Epigenetic regulation refers to reversible chemical and structural changes to DNA and chromatin that alter gene activity without changing the DNA sequence. These mechanisms allow cells with identical genomes to adopt distinct identities and respond dynamically to internal and external signals.

Key epigenetic marks include DNA methylation, primarily the addition of methyl groups to cytosine bases in CpG dinucleotides, and a wide array of post translational histone modifications such as acetylation, methylation, phosphorylation and ubiquitination. DNA methylation is often associated with gene silencing, especially when present in promoter regions, while methylation patterns in gene bodies and enhancers can have more complex roles. Histone acetylation generally correlates with open chromatin and active transcription, whereas certain histone methylation marks are linked either to activation or repression depending on their position.

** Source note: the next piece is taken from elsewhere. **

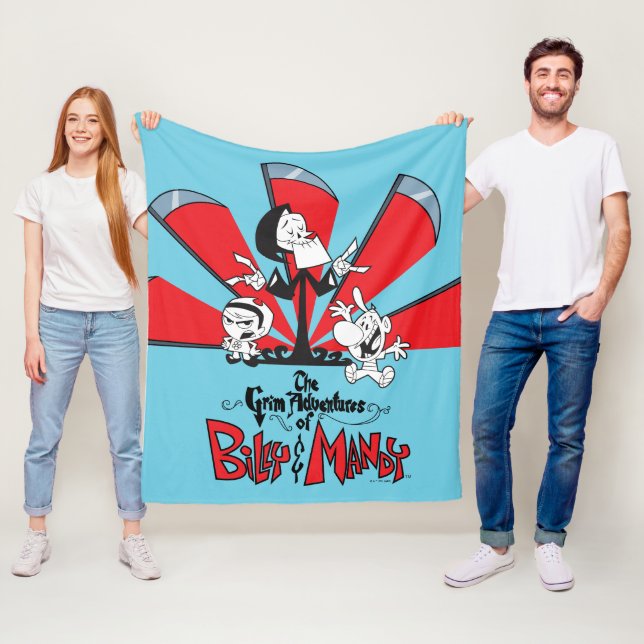 Grem Äventyr av Billy & Mandy Scythes Art Fleecefilt (På plats)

These marks are interpreted by specialized protein complexes that remodel chromatin structure, recruiting transcriptional machinery or blocking its access. Epigenetic states are established during development, helping specify cell lineages, and are stably maintained through cell division by maintenance enzymes that copy patterns after DNA replication.

Epigenetic mechanisms integrate environmental cues such as diet, toxins, stress and inflammation, thereby connecting external conditions to long term changes in gene expression. Disruption of epigenetic regulation contributes to cancer, neurodevelopmental and psychiatric disorders, metabolic disease and immune dysfunction, often through aberrant methylation patterns or misregulated histone modifiers.

Because epigenetic changes are reversible, they are attractive therapeutic targets. Inhibitors of DNA methyltransferases and histone deacetylases are already in clinical use, and newer strategies aim to modulate specific chromatin states with higher precision.